WHAT YOU ARE ASKED TO DO - An exact transcription of the data below is needed.
DATA BELOW below:
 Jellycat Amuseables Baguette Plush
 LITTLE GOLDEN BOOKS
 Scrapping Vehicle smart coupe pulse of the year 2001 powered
End of DATA BELOW.
TASK SOLUTION -
 Jellycat Amuseables Baguette Plush
 LITTLE GOLDEN BOOKS
 Scrapping Vehicle smart coupe pulse of the year 2001 powered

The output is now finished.